**Dataset extract**.
---

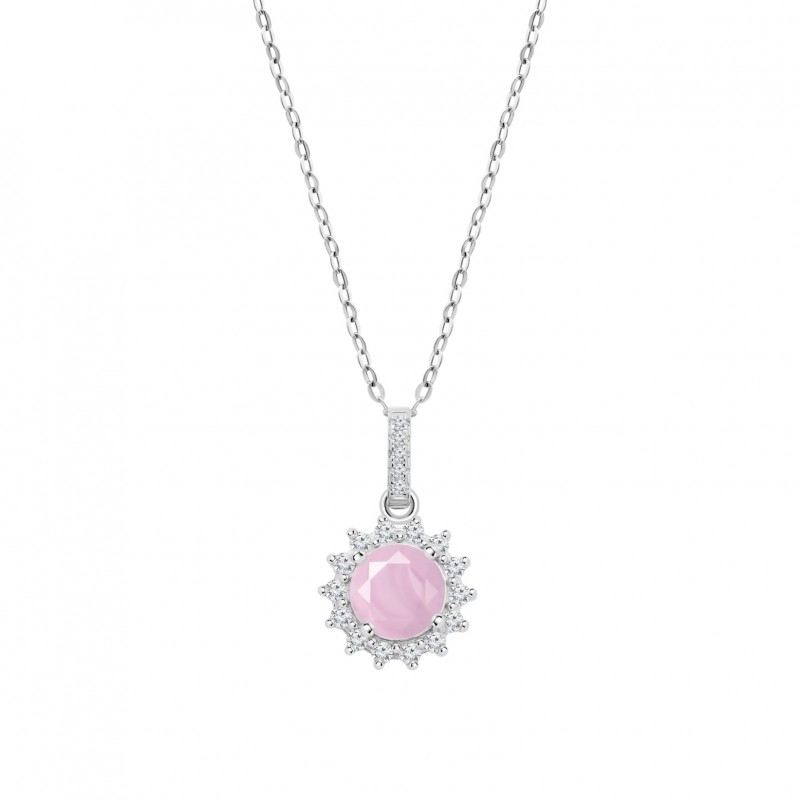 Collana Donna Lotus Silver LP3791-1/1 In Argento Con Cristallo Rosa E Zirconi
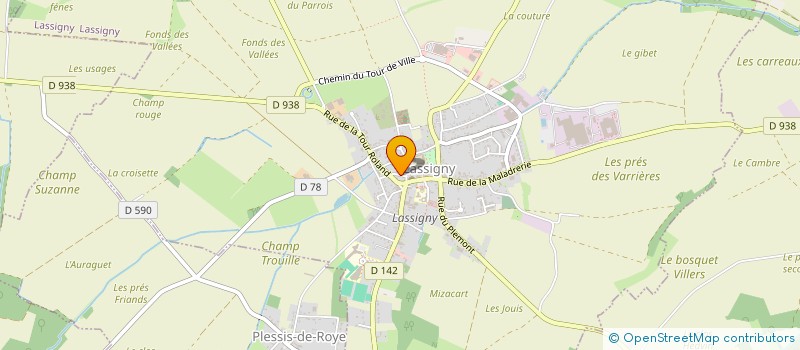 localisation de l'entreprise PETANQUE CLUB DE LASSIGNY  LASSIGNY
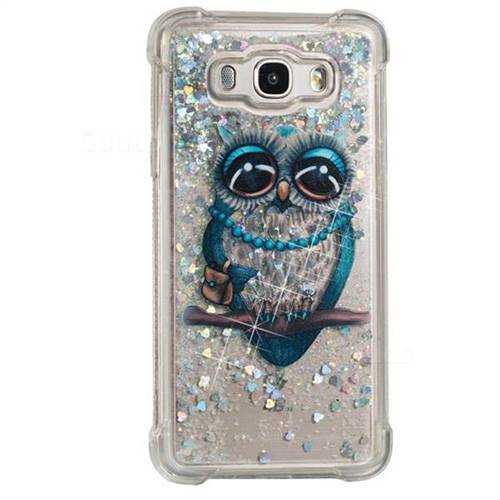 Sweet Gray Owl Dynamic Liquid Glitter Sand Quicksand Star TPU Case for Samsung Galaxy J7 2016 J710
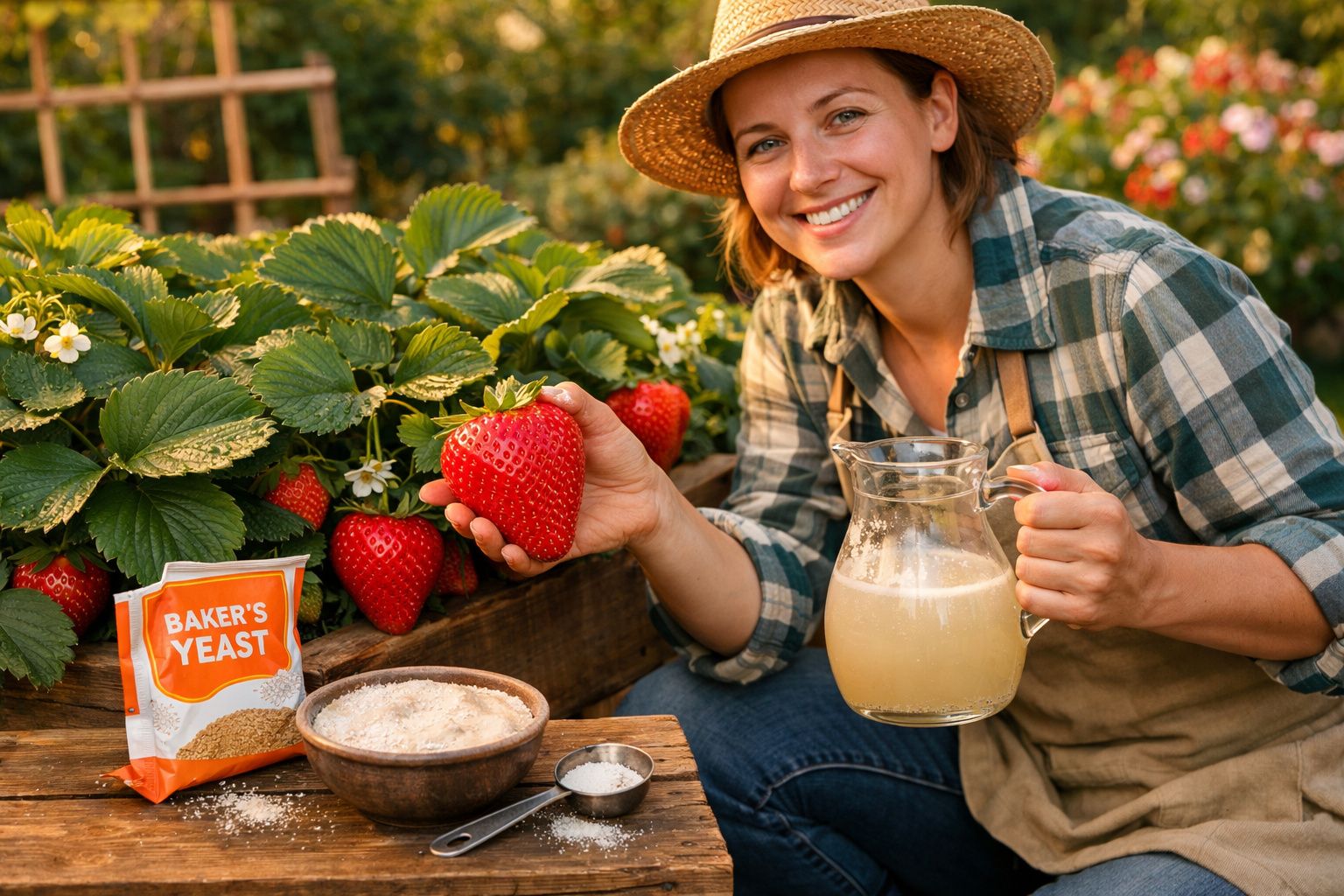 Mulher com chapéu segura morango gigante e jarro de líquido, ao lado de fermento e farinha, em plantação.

---

**Assigned task**.
Wherever an image appears in the data, omit it and repeat everything else exactly.

**Result for this task**.
 Collana Donna Lotus Silver LP3791-1/1 In Argento Con Cristallo Rosa E Zirconi
 localisation de l'entreprise PETANQUE CLUB DE LASSIGNY  LASSIGNY
 Sweet Gray Owl Dynamic Liquid Glitter Sand Quicksand Star TPU Case for Samsung Galaxy J7 2016 J710
 Mulher com chapéu segura morango gigante e jarro de líquido, ao lado de fermento e farinha, em plantação.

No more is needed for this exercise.